#### Assignment
Transcribe, word for word, only the lines from the one containing "Splitboard Jones Solution" through the end of the material below. Pictures stay out.

#### Data shown
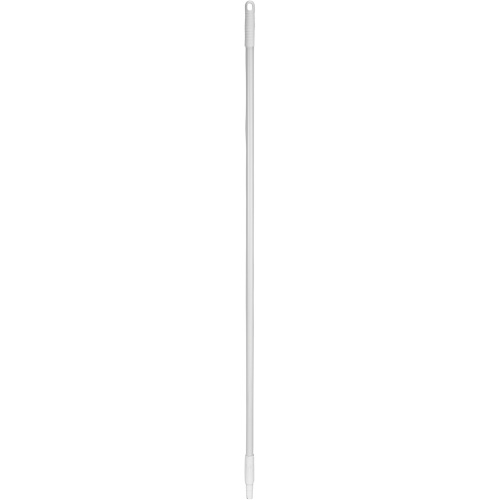Manche ColorCore, Balai/Grattoir/Raclette, Blanc, Standard, 57" lo Brunswick Fyr & Safety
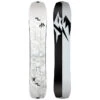 Splitboard Jones Solution Split -Ski Promotion Boutique Jones Snowboards Solution Split 5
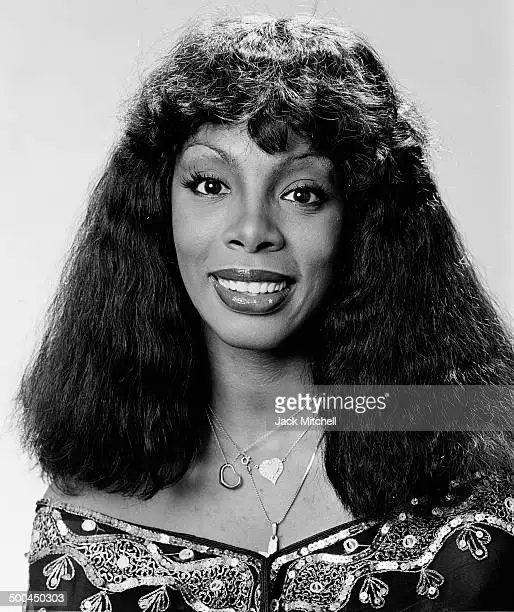 Donna Summer 2.jpg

#### Answer space
 Splitboard Jones Solution Split -Ski Promotion Boutique Jones Snowboards Solution Split 5
 Donna Summer 2.jpg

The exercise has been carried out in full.